Return to the Lecture Notes Index

15-112 Lecture 25 (June 24, 2014)

Regular Expressions

Today we chatted a bit about the relationship between regular expressions, regular languages, and finite state machines (FSMs). You'll get that discussion with a lot more rigor in 15-251, so I don't want to emphasize it here. It is often said that, to teach, you should, "Tell them what you are going to tell them. Tell them. And then tell them what you've told them." Think of it this way: We just did step #1 -- we'll leave steps #2 and #3 for 15-251.
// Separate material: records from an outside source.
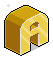 Golden Letter Blocks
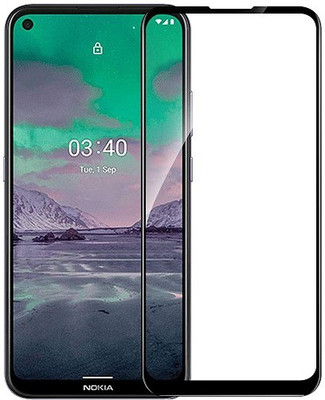 Bodoma Edge To Edge Tempered Glass for Nokia 3.4(Pack of 1)
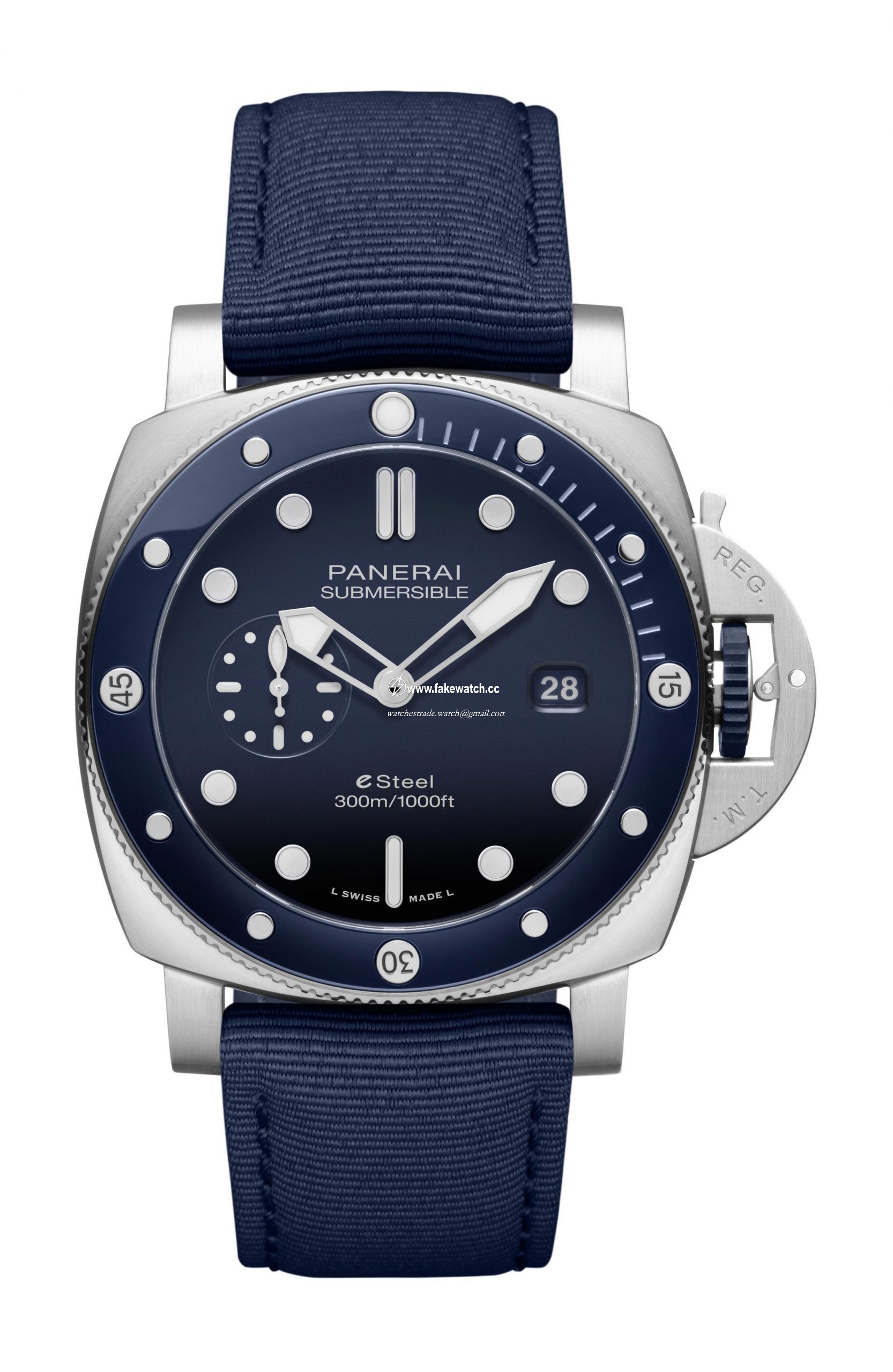 Panerai Submersible QuarantaQuattro eSteel Blu Profondo PAM01289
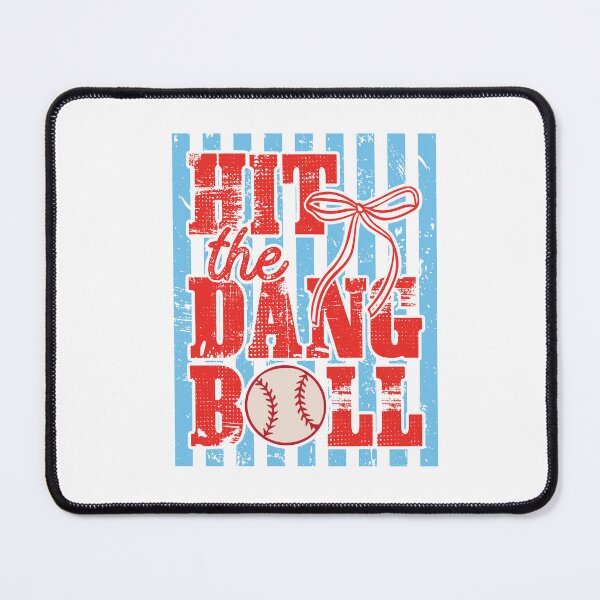 Item preview, Hit The Dang Ball Baseball Softball Quote designed and sold by LASTIQUE-dd.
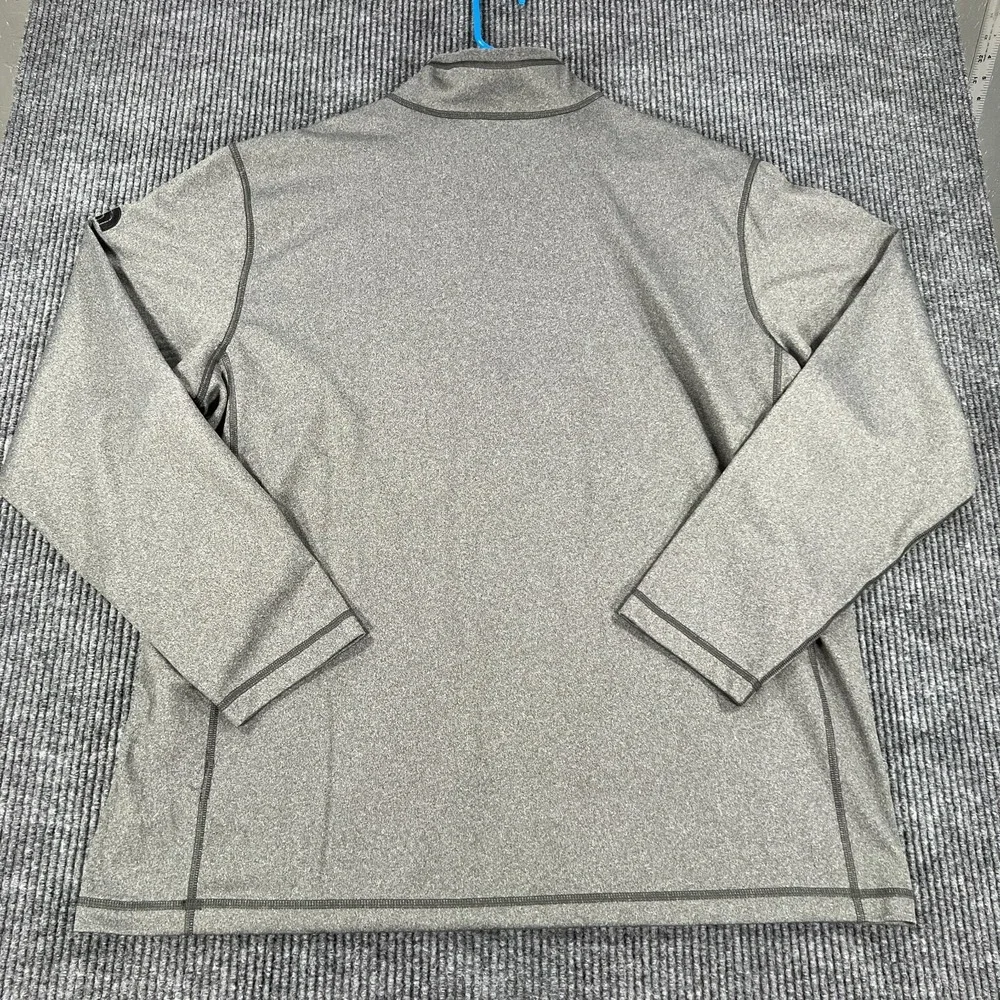 The North Face Sweatshirt Mens 2XL XXL Gray Long Sleeve Mock Neck 1/4 Zip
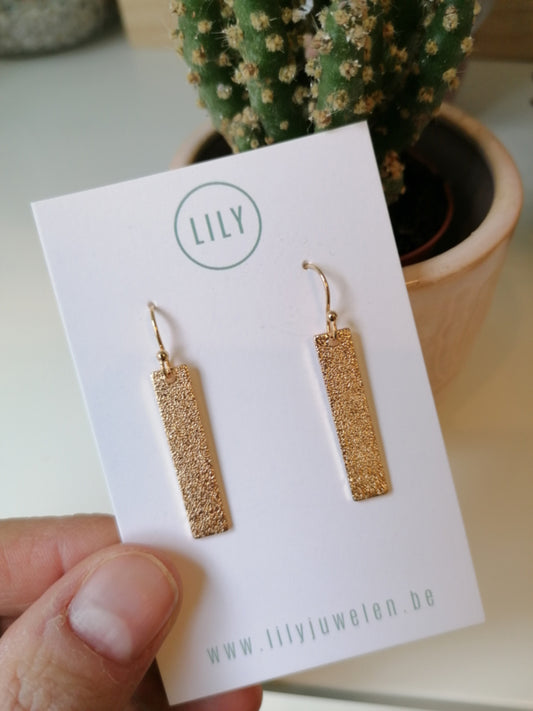 ohrring square gold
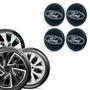 Imagem de Kit 4 Emblema Ford Preto 48 mm para Calota Aro 13 14 15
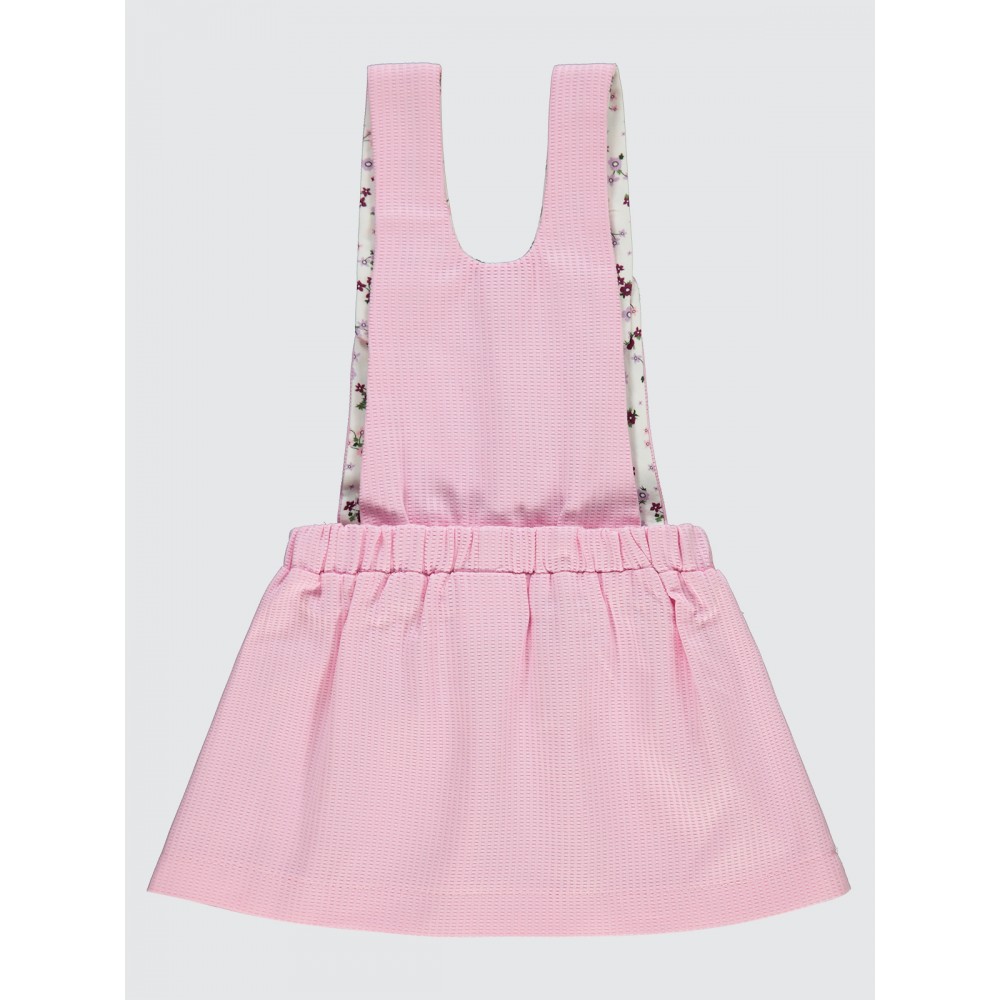 Pink Baby-Dress and Overall Pink Baby-Dress and Overall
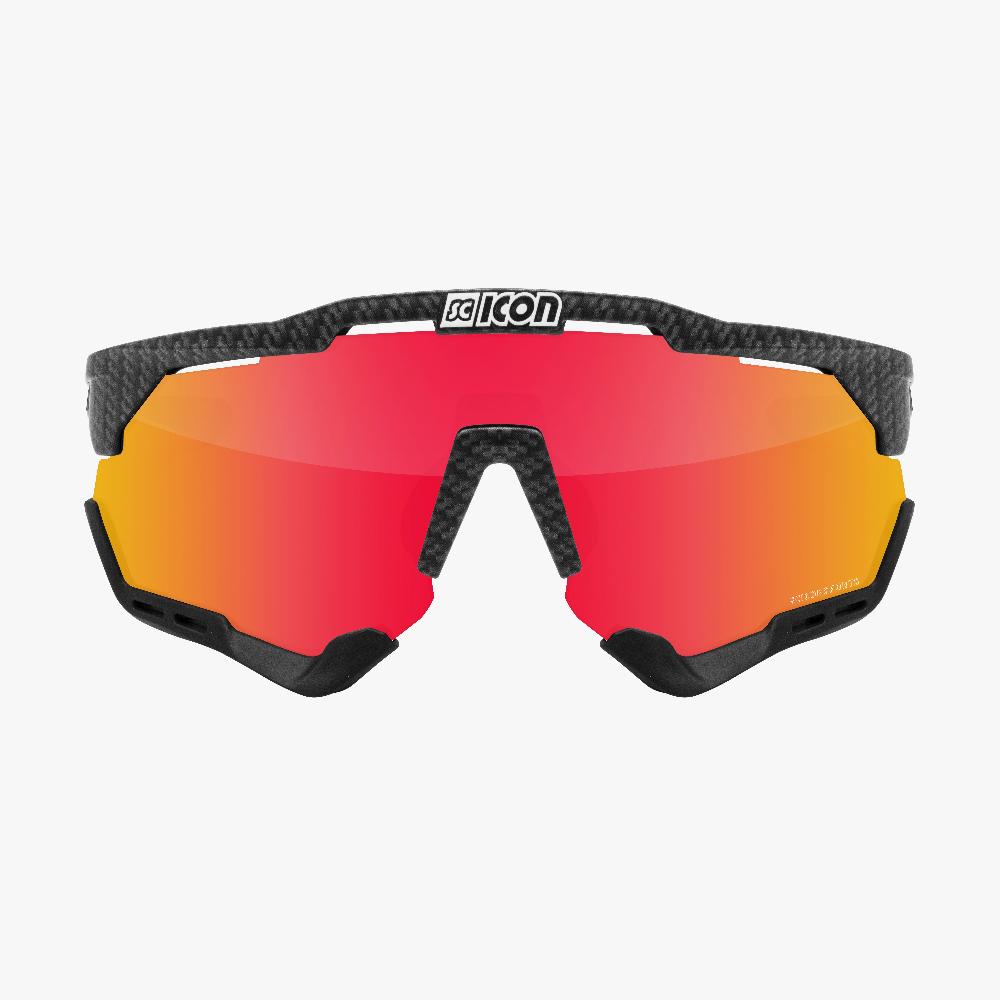 Scicon Aeroshade Occhiali Ciclismo Carbon Opaco/Rosso 2025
We then discussed how to use regular expressions in Python. The resource you want as a reference is the Python Regular Expression HOWTO. It is excellent. We emphasized the following:

One interesting example we did in class involved the need to escape the \-slash when using it as a positional, and the need to use ?: to avoid capturing a group:


#!/usr/bin/python

import re

text = "01/01/2013 some other text 09/09/2013"

# Let's find all dates
p = re.compile("[0-9]+/[0-9]+/(19|20)[0-9]{2}")
matches = p.finditer(text)
for match in matches: print match.group()

print ""
print "Capturing"
print ""


# Two (2) Things to notice below:
# 1. The ?: causes us to use the () to form a group, like () in math,
#    but not to capture them into a group saved as a group() 
# 2. \1 represents the first captured group (vs a ?: non-captured group).
#    Notice that we had to escape it as "\\" to prevent Python
#    From viewing it as an "escaped 1" and sending that (whatever it is?) 
#    as part of the string instead fo the \-slash to the compile function.

text = "01/01/2013 some other text 09/09/2013 and the date again: 01/01/2013"
p = re.compile("([0-9]+/[0-9]+/(?:19|20)[0-9]{2}).*(\\1)")
matches = p.finditer(text)
print "Notice that we only print the repeated date"
for match in matches: print match.group(1), match.group(2)
  

Last year's TAs produced this handout [pdf] that may be helpful to you as a quick summry of the regular expression language.